The current law, which expires in April, limits the definition of developmental delay to children ages 3 through 5 years old, so the change will alter the way districts transition students from preschool to kindergarten. Preschool-age children identified as having a developmental delay will no longer need to be re-evaluated prior to starting kindergarten unless the three-year timeline requires a re-evaluation.

Despite the change eliminating the necessity of re-evaluating in advance of children turning 6 years old or starting kindergarten taking effect on April 6, 2023, Ohio Administrative Code 3301-51 will not yet be updated to reflect this expanded language. The Ohio Department of Education has stated that the regulation update will be completed by July 1, 2023 and confirmed that: (1) children who turn 6 years old on or before June 30, 2023 are permitted to remain in preschool and continue to be identified as having a developmental delay; and (2) that children may now enter kindergarten and continue to receive special education with a developmental delay identification.

In addition, this change means, as of April 6, 2023, any child who is not yet 10 years old may be evaluated for eligibility under the developmental delay disability category. This also means a district’s child find duty will require the evaluation of students suspected of having a developmental delay even if there is no suspicion of another disability.
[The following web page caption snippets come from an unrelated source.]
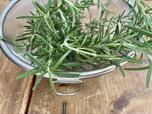 【天然ハーブで作るオリジナル洗剤】摘みたてのフレッシュなローズマリー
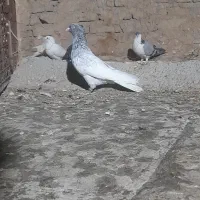 کله سار کبوتر پرشی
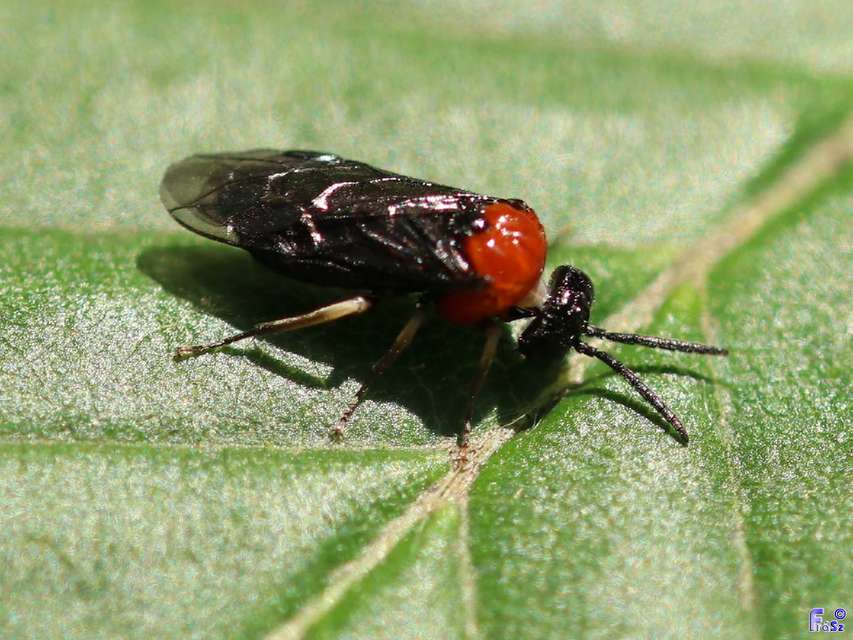 Tenthredinidae - valódi levéldarazsak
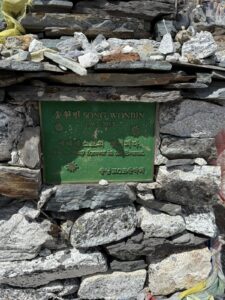 WhatsApp Image 2025-05-12 at 9.58.29 AM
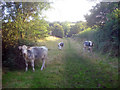 Public footpath to Newtown Linford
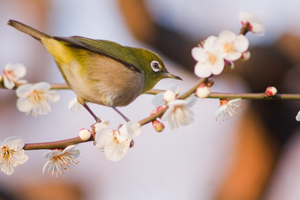 割とOK鳥写真1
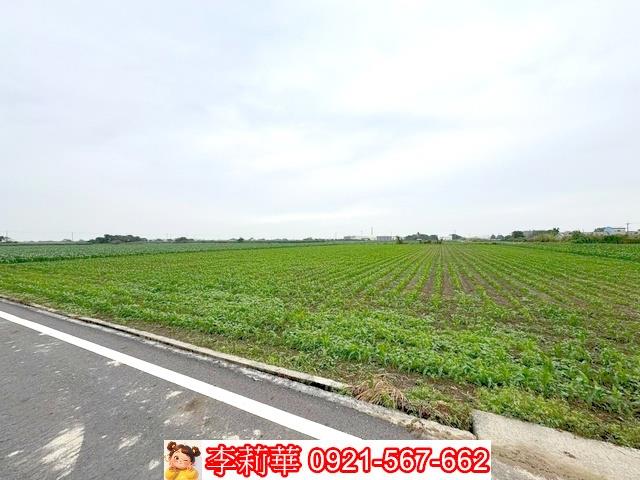 台南鹽水農地-6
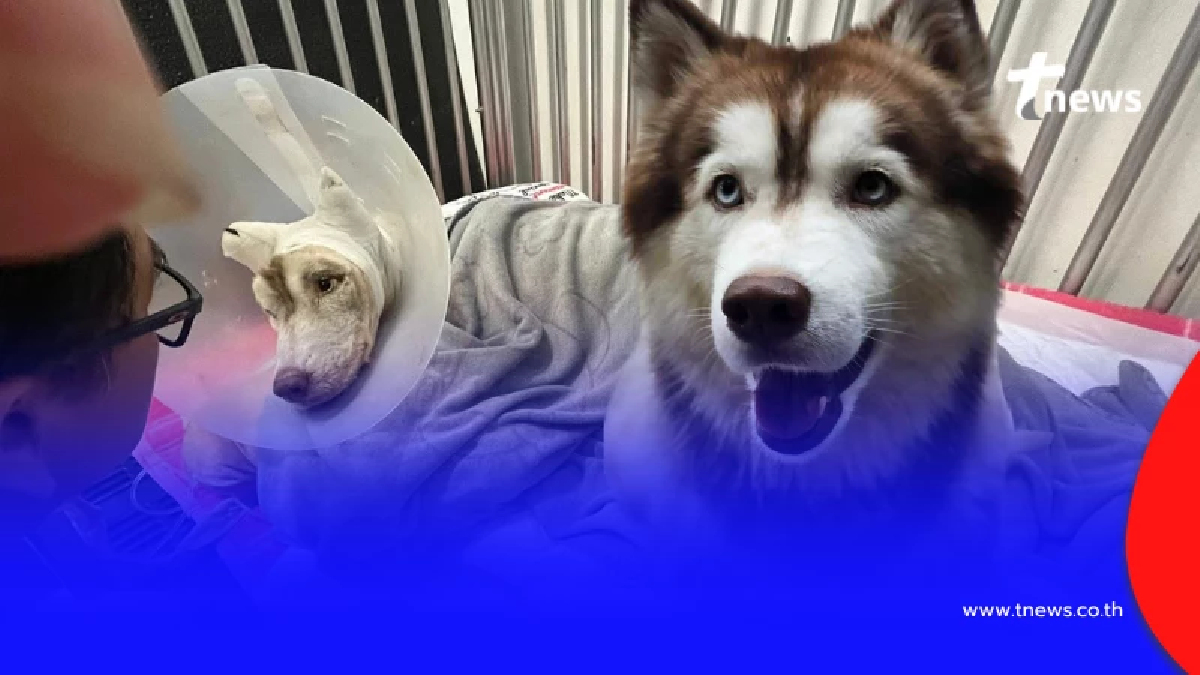 เปิดค่าหัวล่าคนใจยักษ์ ทำ "น้องมอลลี่" ไม่หมดหวังตามตัวรับกรรม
Districts may want to consider re-evaluating students who qualified for pre-school services under the developmental disability category but received no services once they transitioned to kindergarten.

Lastly, to assist with the costs associated with expanding the number of students who will qualify for special education services, all children identified as developmentally delayed have been moved into Category 2 of the special education funding formula instead of limiting funding for developmentally delayed students to preschool children.